La BCE, comme d’autres banques centrales, fait ainsi face à un dilemme : comment contenir une inflation qui accélère sans étouffer une croissance atone ? Tandis que la banque fédérale américaine devrait entamer un cycle de hausse de ses taux durant l’année 2023, et la Banque d’Angleterre faire un premier pas probablement dès décembre, selon les observateurs, la banque centrale européenne tient, elle, à ne pas resserrer trop vite ses taux, jugeant que cela serait contre-productif pour l’économie.

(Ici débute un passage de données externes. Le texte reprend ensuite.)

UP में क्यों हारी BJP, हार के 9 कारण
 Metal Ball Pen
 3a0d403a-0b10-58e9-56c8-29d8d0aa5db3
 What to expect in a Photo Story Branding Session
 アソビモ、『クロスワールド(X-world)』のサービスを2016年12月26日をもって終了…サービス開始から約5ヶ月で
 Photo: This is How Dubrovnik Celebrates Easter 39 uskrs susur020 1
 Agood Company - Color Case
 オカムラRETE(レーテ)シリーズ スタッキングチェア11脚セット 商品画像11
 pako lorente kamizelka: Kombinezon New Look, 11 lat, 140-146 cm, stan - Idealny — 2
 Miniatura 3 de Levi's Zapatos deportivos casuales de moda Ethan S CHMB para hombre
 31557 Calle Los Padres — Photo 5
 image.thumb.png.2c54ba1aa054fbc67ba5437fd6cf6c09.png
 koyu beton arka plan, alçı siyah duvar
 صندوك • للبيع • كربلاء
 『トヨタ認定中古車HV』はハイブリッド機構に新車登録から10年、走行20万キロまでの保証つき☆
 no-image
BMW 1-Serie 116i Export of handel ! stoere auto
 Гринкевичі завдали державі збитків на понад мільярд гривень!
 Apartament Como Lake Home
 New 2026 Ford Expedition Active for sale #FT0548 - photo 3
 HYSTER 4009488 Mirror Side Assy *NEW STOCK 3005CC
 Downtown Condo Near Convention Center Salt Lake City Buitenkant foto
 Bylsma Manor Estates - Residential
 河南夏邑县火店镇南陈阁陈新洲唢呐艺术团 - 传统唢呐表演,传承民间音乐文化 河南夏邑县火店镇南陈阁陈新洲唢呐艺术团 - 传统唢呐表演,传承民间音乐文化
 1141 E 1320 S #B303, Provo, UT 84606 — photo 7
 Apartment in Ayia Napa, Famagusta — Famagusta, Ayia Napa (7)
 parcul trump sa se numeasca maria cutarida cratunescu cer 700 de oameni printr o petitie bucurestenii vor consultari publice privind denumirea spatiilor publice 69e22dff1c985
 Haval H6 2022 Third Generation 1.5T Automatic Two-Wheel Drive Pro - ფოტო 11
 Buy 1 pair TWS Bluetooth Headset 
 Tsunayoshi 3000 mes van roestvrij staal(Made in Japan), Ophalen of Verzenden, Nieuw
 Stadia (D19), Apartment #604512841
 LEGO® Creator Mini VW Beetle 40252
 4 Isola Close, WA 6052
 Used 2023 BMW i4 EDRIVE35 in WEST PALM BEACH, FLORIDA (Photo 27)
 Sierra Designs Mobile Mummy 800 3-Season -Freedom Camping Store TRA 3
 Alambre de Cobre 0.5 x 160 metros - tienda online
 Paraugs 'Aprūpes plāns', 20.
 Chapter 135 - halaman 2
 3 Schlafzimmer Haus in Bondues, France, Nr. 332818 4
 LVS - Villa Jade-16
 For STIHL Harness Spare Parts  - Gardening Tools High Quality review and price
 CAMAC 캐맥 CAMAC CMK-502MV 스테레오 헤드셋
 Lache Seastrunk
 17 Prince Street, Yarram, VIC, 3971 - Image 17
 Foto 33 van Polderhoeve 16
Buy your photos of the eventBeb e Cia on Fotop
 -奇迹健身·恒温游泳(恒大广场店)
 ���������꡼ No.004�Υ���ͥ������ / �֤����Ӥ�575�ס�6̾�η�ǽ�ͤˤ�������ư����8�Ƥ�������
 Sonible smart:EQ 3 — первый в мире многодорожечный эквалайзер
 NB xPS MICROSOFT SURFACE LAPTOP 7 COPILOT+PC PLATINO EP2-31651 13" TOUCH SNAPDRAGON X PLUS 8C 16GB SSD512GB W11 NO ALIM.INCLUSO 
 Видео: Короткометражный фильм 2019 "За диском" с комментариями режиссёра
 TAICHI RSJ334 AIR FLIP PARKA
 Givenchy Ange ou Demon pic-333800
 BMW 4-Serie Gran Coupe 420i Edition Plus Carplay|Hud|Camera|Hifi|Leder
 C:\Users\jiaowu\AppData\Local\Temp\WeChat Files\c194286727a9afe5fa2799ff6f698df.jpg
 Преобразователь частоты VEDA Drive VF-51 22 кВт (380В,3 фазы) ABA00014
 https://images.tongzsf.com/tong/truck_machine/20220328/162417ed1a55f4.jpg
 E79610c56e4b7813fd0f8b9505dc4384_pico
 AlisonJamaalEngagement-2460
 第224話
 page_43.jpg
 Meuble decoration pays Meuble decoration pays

« Si nous resserrions la politique monétaire maintenant, il n’y aurait pas un porte-conteneurs ni un chauffeur de camion de plus », a clamé Christine Lagarde dans un portrait que lui consacre lundi le quotidien allemand Süddeutsche Zeitung (SZ). Durant le week-end, la Française avait assuré que la BCE voudra « intervenir quand ce sera nécessaire » dans une interview à la Frankfurter Allgemeine Zeitung. Selon ses explications, l’économie souffre d’une « inflation largement tirée par les contraintes d’approvisionnement et les prix de l’énergie », autrement dit des domaines où la BCE est impuissante pour agir, ajoute-t-elle dans la SZ. Ces effets devraient du reste s’estomper l’an prochain, avec comme conséquence un nouveau ralentissement des prix.